### Work required
Your output should be the entries below, from the first line up to and including the line with "Fodoss Baby Playpen, Upgrade", reproduced exactly and with no other lines.

Top of Records provided

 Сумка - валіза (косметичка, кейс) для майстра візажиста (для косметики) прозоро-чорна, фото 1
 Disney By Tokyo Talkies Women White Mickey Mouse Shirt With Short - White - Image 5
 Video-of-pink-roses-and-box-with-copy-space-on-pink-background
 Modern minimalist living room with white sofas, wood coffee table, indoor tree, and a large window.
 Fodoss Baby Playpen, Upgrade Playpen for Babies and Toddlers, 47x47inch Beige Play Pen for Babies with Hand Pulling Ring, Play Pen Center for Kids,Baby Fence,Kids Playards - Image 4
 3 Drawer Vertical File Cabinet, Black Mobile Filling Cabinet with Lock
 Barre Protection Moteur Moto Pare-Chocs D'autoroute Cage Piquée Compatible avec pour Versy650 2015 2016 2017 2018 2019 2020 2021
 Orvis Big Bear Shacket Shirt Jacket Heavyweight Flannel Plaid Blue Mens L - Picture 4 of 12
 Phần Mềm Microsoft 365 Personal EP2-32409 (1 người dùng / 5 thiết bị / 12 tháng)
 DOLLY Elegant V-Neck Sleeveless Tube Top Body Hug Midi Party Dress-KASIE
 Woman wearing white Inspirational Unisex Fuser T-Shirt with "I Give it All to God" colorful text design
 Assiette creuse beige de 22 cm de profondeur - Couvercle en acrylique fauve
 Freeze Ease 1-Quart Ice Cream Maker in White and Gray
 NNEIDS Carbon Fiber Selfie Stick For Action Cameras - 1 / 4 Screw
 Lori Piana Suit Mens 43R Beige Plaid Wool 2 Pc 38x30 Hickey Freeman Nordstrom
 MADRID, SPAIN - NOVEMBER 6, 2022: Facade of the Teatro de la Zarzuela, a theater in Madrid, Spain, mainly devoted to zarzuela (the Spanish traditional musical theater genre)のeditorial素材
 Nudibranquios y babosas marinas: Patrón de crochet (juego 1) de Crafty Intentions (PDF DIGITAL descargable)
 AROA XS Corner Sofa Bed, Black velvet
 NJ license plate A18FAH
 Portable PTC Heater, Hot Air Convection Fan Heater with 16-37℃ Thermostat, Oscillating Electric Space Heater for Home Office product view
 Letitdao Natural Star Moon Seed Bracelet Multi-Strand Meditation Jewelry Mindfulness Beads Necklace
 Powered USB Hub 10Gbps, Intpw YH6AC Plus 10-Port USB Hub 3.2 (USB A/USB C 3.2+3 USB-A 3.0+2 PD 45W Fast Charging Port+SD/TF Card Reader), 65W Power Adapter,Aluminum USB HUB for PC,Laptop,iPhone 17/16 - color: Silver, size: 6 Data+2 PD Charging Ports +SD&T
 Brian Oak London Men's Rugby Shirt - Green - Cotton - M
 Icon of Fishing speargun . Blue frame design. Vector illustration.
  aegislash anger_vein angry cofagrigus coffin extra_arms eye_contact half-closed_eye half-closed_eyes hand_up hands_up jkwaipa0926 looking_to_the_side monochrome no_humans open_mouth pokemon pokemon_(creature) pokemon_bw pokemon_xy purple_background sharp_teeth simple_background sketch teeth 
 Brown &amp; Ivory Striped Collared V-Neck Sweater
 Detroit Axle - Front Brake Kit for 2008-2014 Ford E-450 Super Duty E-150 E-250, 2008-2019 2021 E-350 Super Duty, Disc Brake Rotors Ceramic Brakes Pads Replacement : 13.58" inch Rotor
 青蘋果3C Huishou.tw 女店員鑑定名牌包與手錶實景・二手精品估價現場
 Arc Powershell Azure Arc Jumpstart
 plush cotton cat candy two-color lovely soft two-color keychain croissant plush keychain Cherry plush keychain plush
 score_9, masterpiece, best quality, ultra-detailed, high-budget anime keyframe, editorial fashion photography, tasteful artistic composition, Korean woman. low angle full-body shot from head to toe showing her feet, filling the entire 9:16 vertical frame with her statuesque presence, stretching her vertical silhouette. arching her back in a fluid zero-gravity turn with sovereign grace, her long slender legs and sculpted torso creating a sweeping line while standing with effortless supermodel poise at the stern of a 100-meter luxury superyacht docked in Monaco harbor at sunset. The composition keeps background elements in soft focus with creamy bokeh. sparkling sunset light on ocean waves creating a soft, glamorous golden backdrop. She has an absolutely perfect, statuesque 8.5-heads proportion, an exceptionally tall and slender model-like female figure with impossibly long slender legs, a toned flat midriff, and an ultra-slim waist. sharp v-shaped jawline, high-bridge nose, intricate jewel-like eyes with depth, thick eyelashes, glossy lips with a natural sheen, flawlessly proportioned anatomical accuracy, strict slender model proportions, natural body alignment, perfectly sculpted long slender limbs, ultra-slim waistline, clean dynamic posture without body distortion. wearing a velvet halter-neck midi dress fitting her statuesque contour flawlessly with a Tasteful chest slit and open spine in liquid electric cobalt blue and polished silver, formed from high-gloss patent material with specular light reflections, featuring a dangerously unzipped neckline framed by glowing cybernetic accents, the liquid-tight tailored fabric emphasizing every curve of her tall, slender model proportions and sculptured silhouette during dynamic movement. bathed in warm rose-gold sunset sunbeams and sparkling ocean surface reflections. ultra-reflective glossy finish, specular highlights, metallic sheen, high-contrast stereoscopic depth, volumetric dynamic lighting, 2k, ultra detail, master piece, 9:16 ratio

Bottom of Records provided

### Task result
 Сумка - валіза (косметичка, кейс) для майстра візажиста (для косметики) прозоро-чорна, фото 1
 Disney By Tokyo Talkies Women White Mickey Mouse Shirt With Short - White - Image 5
 Video-of-pink-roses-and-box-with-copy-space-on-pink-background
 Modern minimalist living room with white sofas, wood coffee table, indoor tree, and a large window.
 Fodoss Baby Playpen, Upgrade Playpen for Babies and Toddlers, 47x47inch Beige Play Pen for Babies with Hand Pulling Ring, Play Pen Center for Kids,Baby Fence,Kids Playards - Image 4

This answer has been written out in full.